Exercise instructions. Starting at the line that contains "Bảng Giá MPE 2026 mới nhất - Trang 121)", please transcribe every line through the end of the entries, exactly and with no pictures.

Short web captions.
- - -

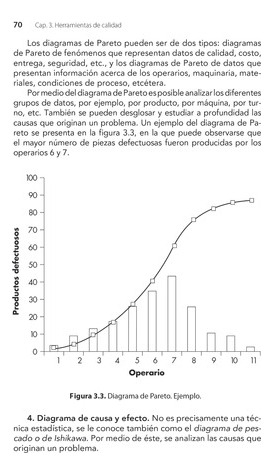 Calidad Y Mejora Continua Principios Para La Competitividad Y Certificacion Iso, De Munch, Lourdes. Editorial Trillas, Tapa Blanda, Edición 3a En Español, 2017
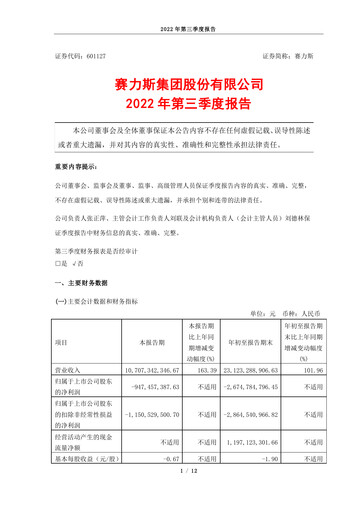 Thumbnail Seres Group  Quarterly Report 2022-q3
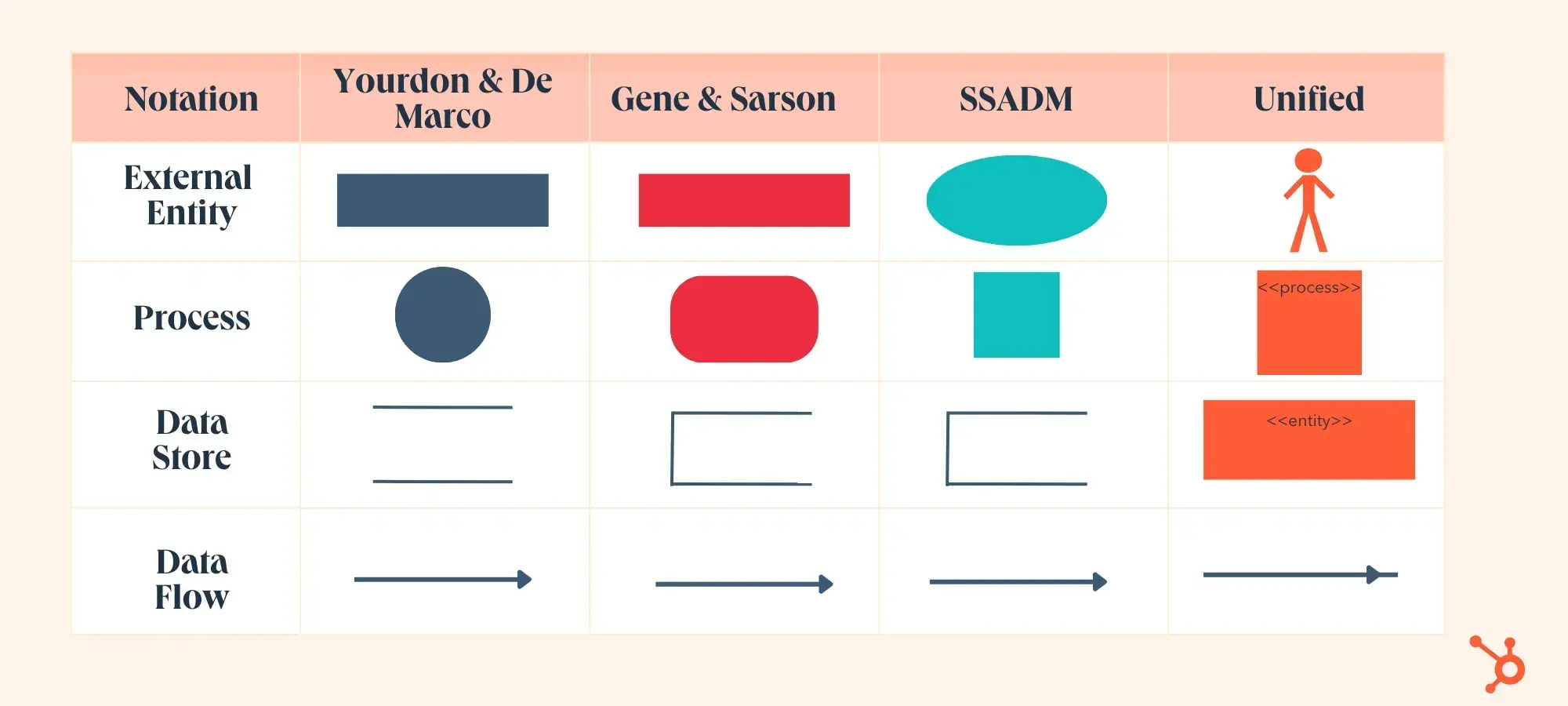 the four elements of data flow diagrams, external entity, princess, data store, data flow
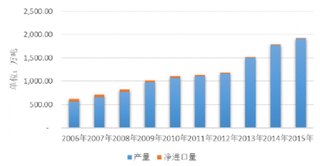 近十年我国铜加工行业整体上保持了快速、持续的发展态势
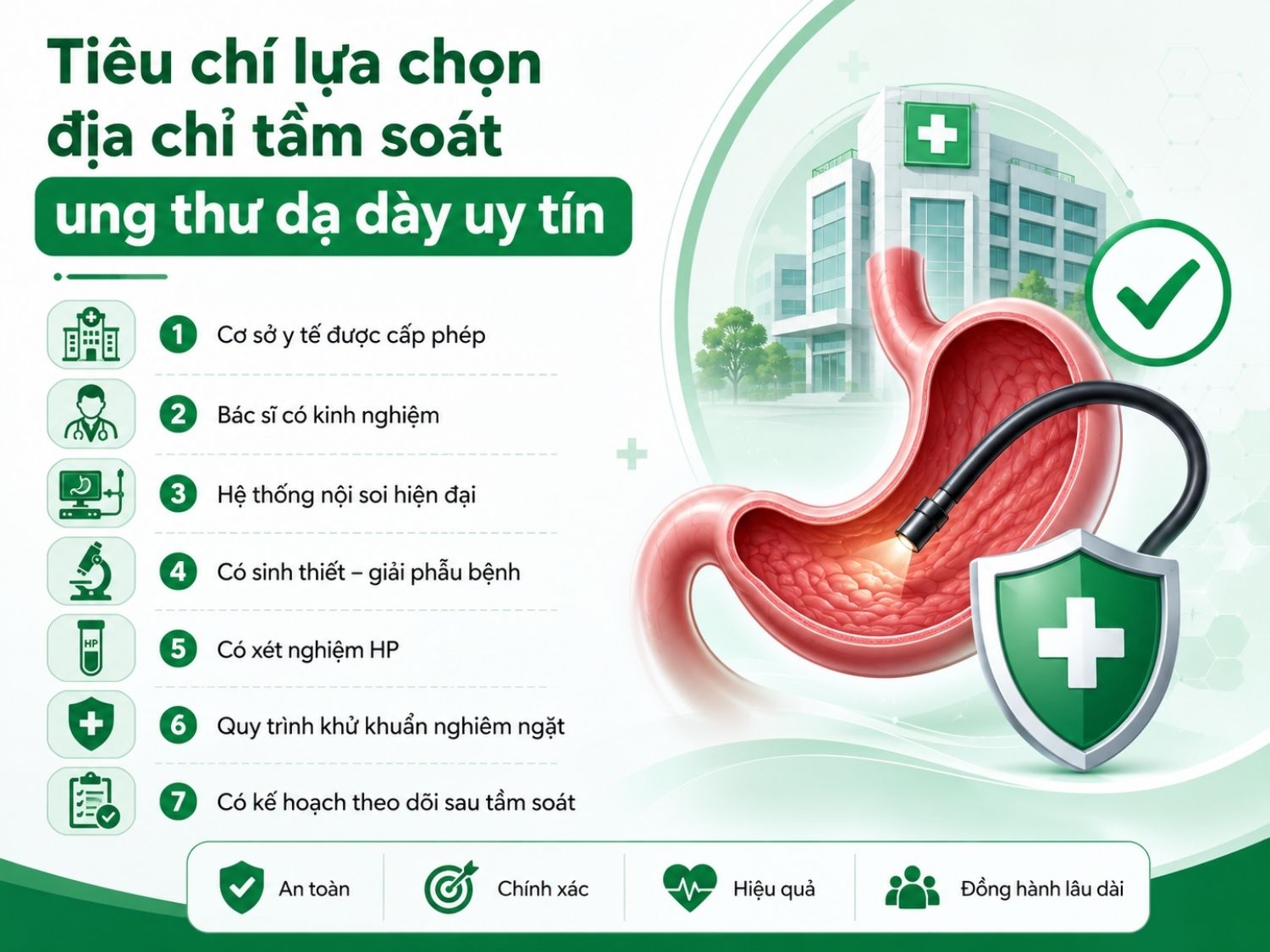 Khi lựa chọn địa chỉ tầm soát ung thư dạ dày, người bệnh nên ưu tiên cơ sở được cấp phép, có bác sĩ giàu kinh nghiệm, hệ thống nội soi hiện đại và khả năng sinh thiết – xét nghiệm đầy đủ. Quy trình khử khuẩn nghiêm ngặt và kế hoạch theo dõi sau tầm soát cũng là những tiêu chí rất quan trọng.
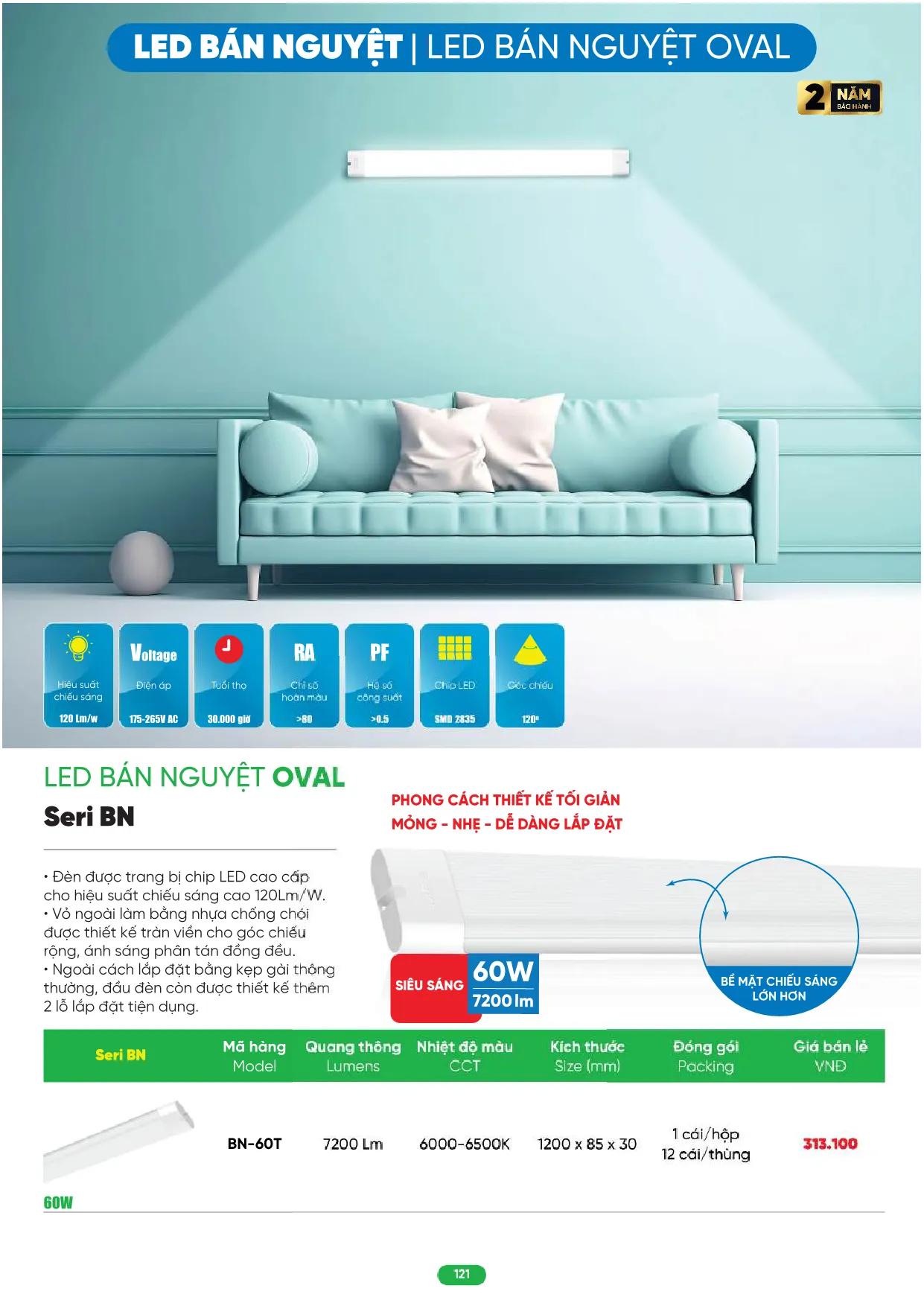 Bảng Giá MPE 2026 mới nhất - Trang 121)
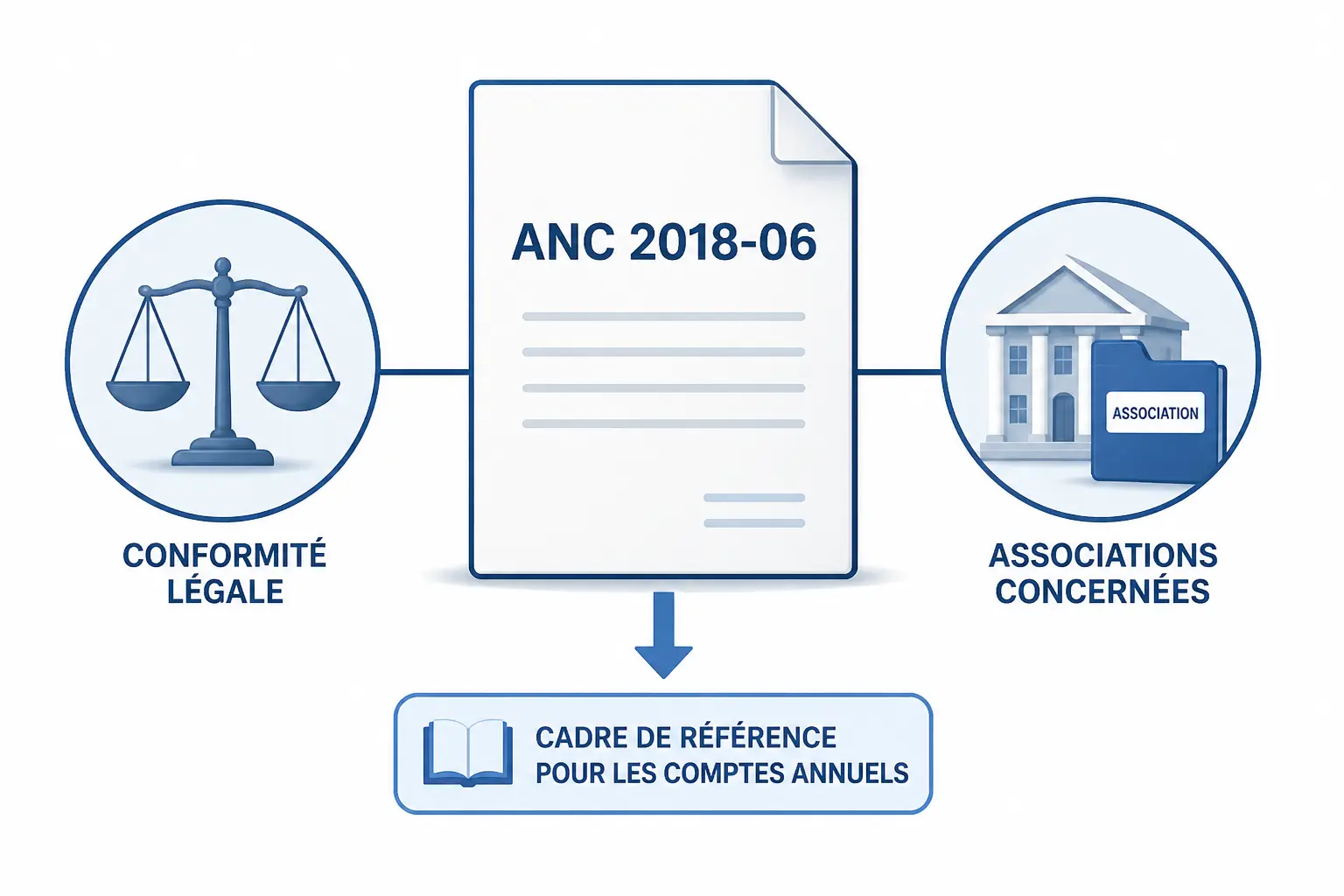 Le cadre légal à connaître depuis le règlement ANC 2018-06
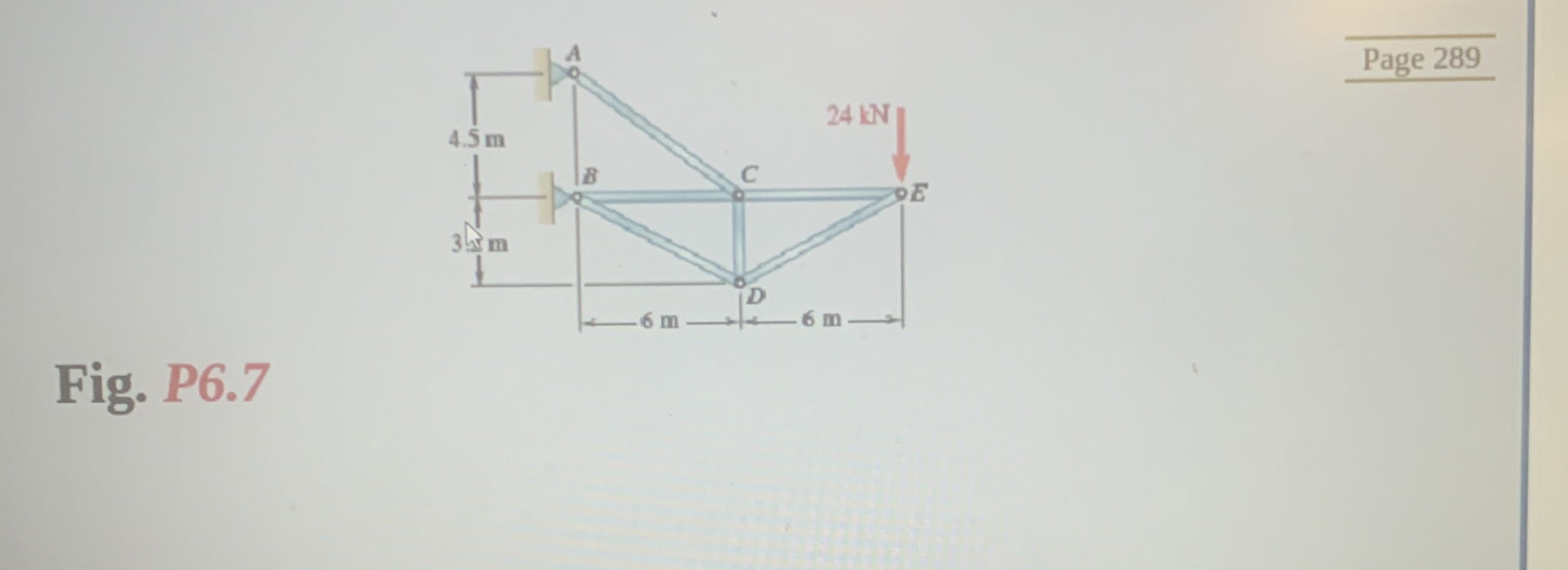 Fig. P 6 . 7 Use method of joints, determine the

- - -

Answer section.
 Bảng Giá MPE 2026 mới nhất - Trang 121)
 Le cadre légal à connaître depuis le règlement ANC 2018-06
 Fig. P 6 . 7 Use method of joints, determine the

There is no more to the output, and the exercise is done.